Eksperci ostrzegają, że tak wysoki poziom inflacji na świecie zagraża realnie całej sferze gospodarczej. Prognozowany jest silny spadek wzrostu poziomu PKB w Polsce, głównym tego powodem jest ograniczenie konsumpcji poprzez gospodarstwa domowe w Polsce.
Według głównego ekonomisty PZU – Dawidowi Pachuckiemu, aktualnie najważniejszym problemem do załatwienia jest kryzys energetyczny w Europie, co przekłada się na ogromny poziom podaży na wszelakie źródła energii. Z powodu wysokich cen energii konkurencyjność Unii Europejskiej stoi pod znakiem zapytania, więc rządy muszą podjąć działania jak najszybciej, aby nie zaszkodzić wizerunkowi oraz działaniom związku.
W Polsce wprowadzony został już mechanizm zamrażania cen energii w gospodarstwach domowych zużywających do 2MWh prądu na rok (limit może ulec zmianie – w przypadku rodzin posiadających kartę dużej rodziny oraz rolników, może wzrosnąć o 50%) Wzrost cen prądu zaplanowany jest stopniowo, wraz z przekraczaniem limitów przez gospodarstwa domowe
Jak ocenia główny ekonomista PZU „Wtedy z kolei powinniśmy już widzieć hamowanie inflacji rocznej w innych jej komponentach, chociażby z tytułu wysokiej bazy z tego roku”

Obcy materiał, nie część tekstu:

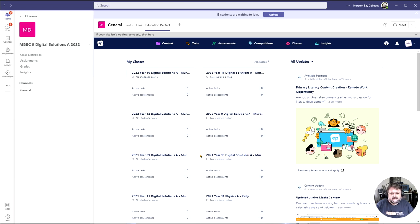But here now you have the tab in your teams for your Education Perfect. So there you go.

Inaczej ma się kwestia dóbr trwałych i tymczasowych, bo ciągu ostatnich lat rośnie sprzedaż tych podstawowych jak żywność, napoje, lekarstwa oraz odzież. Dzieje się tak, ponieważ ludzie w pierwszej kolejności martwią się zapłaceniem za swoje podstawowe potrzeby oraz bieżące rachunki.